Cependant, pour réponde à une demande qui semble partagée par beaucoup, il ne paraît pas impossible d’apporter des modifications, de simplifier ou de rendre plus accessible une participation citoyenne sur des points particuliers qui engagent le pays localement ou dans son ensemble, ou sur des décisions qui relèvent de choix qui nous concernent individuellement.
L’exercice du pouvoir est une chose délicate qu’il convient de ne pas remettre entre les mains de n’importe qui pour n’importe quoi.
L’organisation de l’Etat et des Services Publics :
Nous avons été conduits par le passé à prendre des décisions qu’il nous arrive par la suite de regretter. Sur ce point comme sur le précédent, il convient de veiller à ce que les propositions qui pourraient être soumises à notre vote, ne soient pas traversées par des arrières pensées, ou souffrir d’imperfections regrettables, dont l’application hâtive ou circonstancielle nous conduirait à commettre de nouvelles erreurs..
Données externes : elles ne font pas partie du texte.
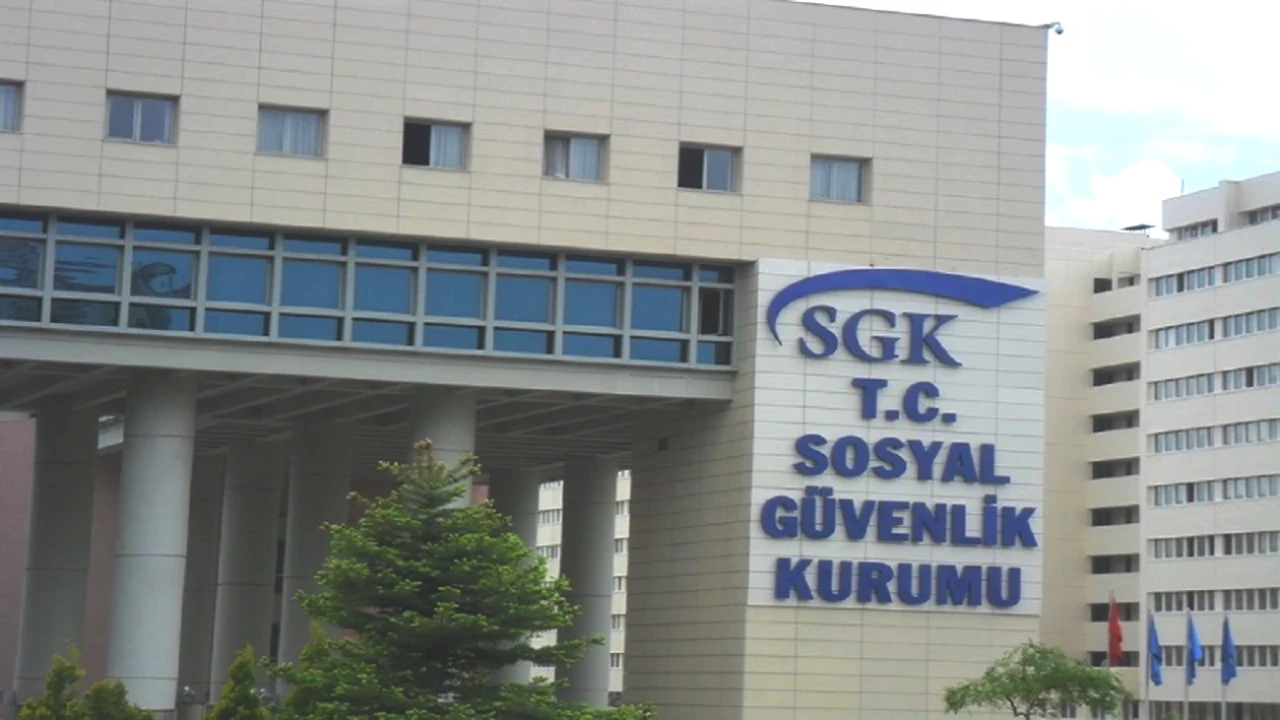 SGK'dan Milyonlara Müjde! Destek Ödemeleri 5 Kat Arttı!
Nous avons pu évaluer à plusieurs reprises, les conséquences négatives du choix effectué il y a plusieurs années, de réduire le mandat du Président de la République de sept à cinq ans. En faisant suivre l’élection à la magistrature suprême par celle de l’élection des députés, nous avons probablement gagné en cohérence, mais nous avons perdu la possibilité d’infléchir éventuellement des choix politiques contestables au cours d’une mandature. Il serait judicieux de soumettre à un nouvel examen le retour au septennat.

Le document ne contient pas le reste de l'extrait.